Besides, in many of these cases, you probably want to have items in the left-hand column discoverable for searches in the right-hand ("abstract") column -- eg you probably do want examples of African masks to come up in a search for "African art", even if Wikidata considers the former a concrete thing and the latter an abstract thing. So if you follow the subclass tree further up, you will get to all those bonkers very broad abstract concepts, which African masks are definitely not examples of.

But the good news (contra your conclusion #1) is that those are likely to be the same items every time that you will want to exclude via your stop-list, and you can probably define them by saying "everything in the subclass (P 279) tree above this item", for quite a short list of items.

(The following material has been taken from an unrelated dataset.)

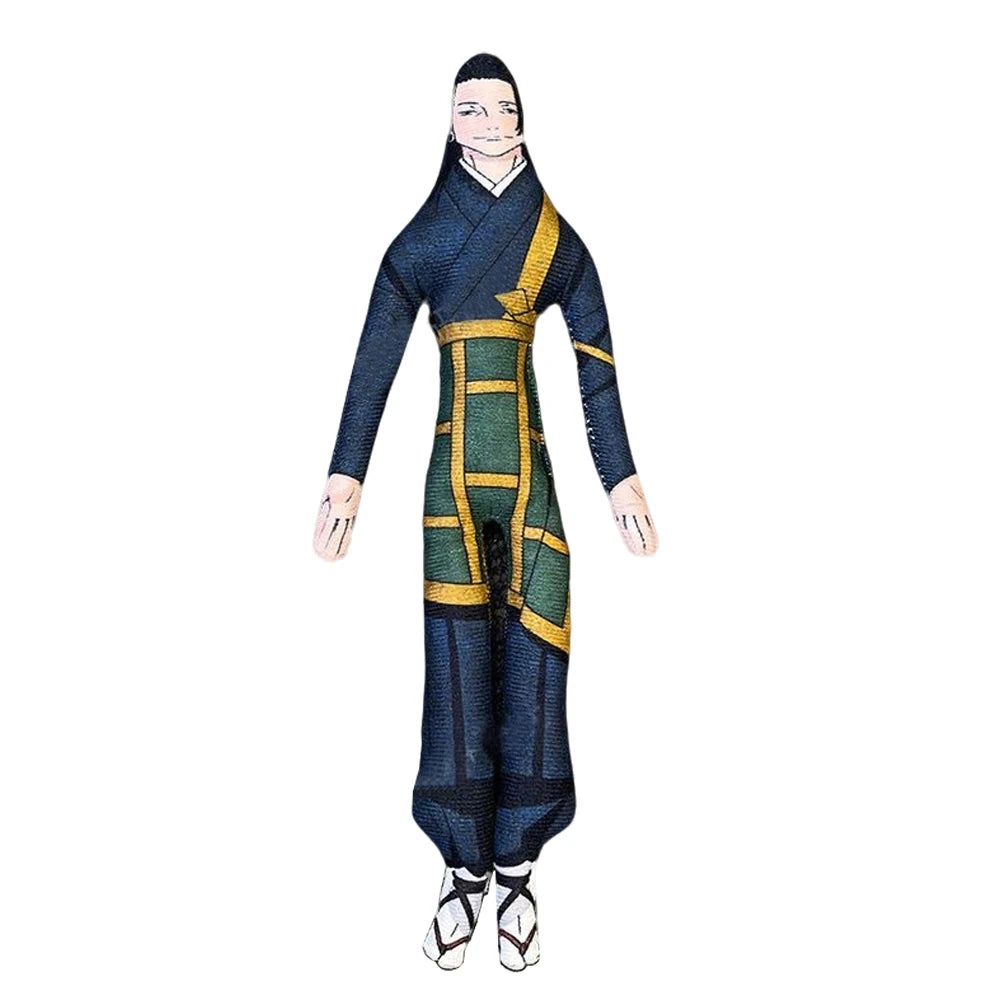 Peluche de Suguru Geto en kesa bleu marine et ceinture jaune, 28 cm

One could even write that into the query fairly easily with a MINUS clause, giving something like this, though that might not be the most efficient way to do it for production use.

And, yes, you will probably need a whitelist too -- for example, adding "woman" as a search term for every human that is female (if you're okay with that including depicted females that happen to be children). Also, it seems you're going to need to add "human" as a search term for "female". (btw I have no idea why Infovarius made this edit. It would seem to be something well worth bringing up at Wikidata's "Project Chat" discussion page, including a ping to Infovarius to see whether he would state his comment).

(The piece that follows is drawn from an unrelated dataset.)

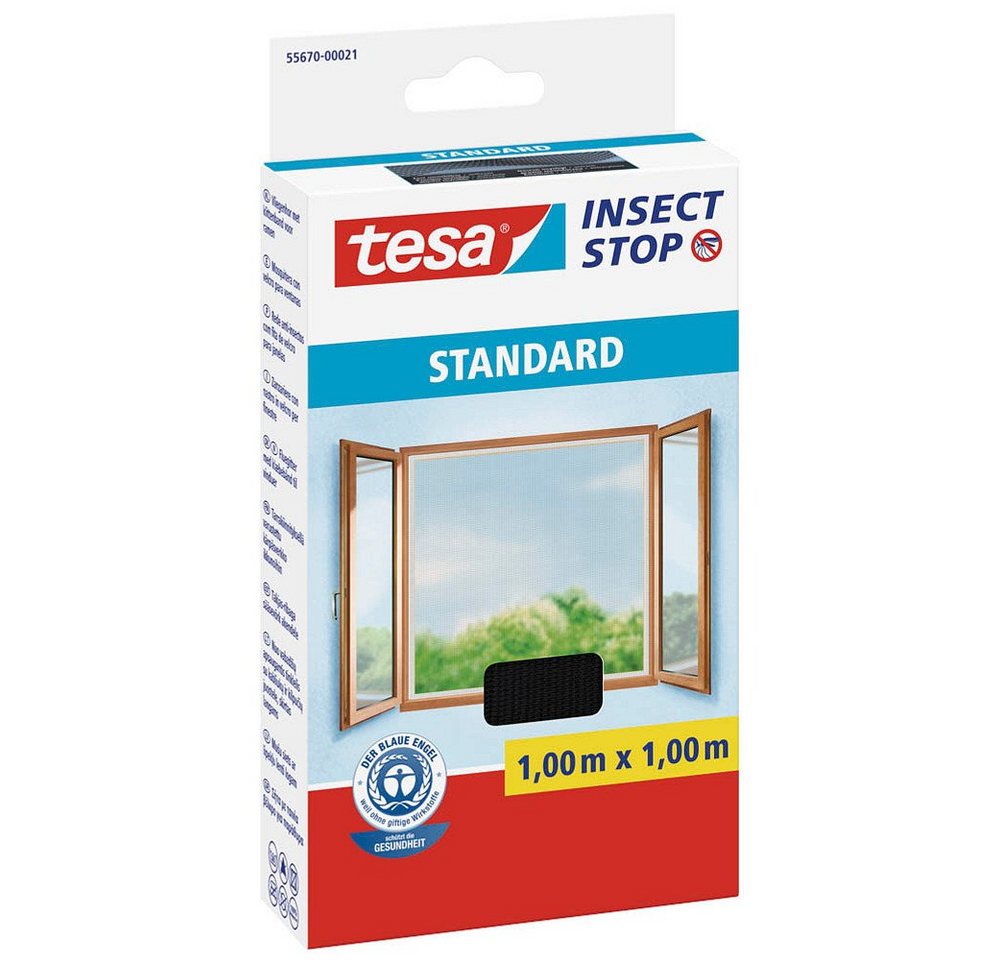 tesa Insektenschutz-Fensterrahmen 1 Fliegengitter STANDARD Fenster anthrazit 1m x 1m, (1-St) von tesa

One thing I would suggest, though, is setting up a Wikidata WikiProject page for the project, advertising it on Project Chat, and then discussing or reviewing your thoughts for particular parts of the subject tree there. Yes, involving the community in discussion will add a huge time overhead; but with luck you may get people coming forward that really know their ways around particular parts of the project tree and may make some excellent suggestions -- or that may realise that some particular bits of ontology are causing some real problems, that would benefit from a root-and-branch rethink.

Wow, thanks for your very detailed comment @Jheald You've given me a lot to think about

Aklapper changed the edit policy from "Custom Policy" to "All Users".Sep 17 2018, 5:50 PM
Aklapper changed Risk Rating from N/A to default.

Without having a decrease of the unwanted results given by the queries above, you can improve easily the results. If no one puts in wikidata "poodle " somewhere in the chain ''Canis lupus familiaris '' Q26972265, then it's pretty normal that you do not get the results inside a taxon chain. As well if no one link "woman" with "human" somewhere in the chain, then you will never have "human" as result.

If the queries above do not give satisfactory results it is because the elements which must be linked inside Wikidata, are currently not.
If someone want that a "woman" be somewhere under "human", then do it with the right statment. That's all.

And to facilitate research, on each items should be defined 1,2 or x "prefered statments". One example in "taxon name" and "parent taxon" should be prefered...

And a very effective thing would be to combine the possibility to define "prefered statments" on each items, and also, the possibility to define "prefered depict tags" on the Wikimedia Commons files...

On Wikidata this should be done via the properties, indeed that is likely much more easy to define "taxon name" as a prefered statment every where it is used, than to go on each items where it is used, and to chose if it is or not a prefered statment. A list of properties should be defined as "prefered statments" in Wikidata.

See here for an indication of how difficult it is to have a sensible discussion about, much less resolve, these kinds of issues:

Folks, if nobody has any objection I think this ticket can be closed - as far as I can see we've got as far as we can with this for the purposes of Structured Data on Commons

Oops, didn't mean to actually close it just now ... but if nobody objects I will in maybe a week or so

Research phase on this is fairly well covered now. Will address the steps to improve the data quality situation separately.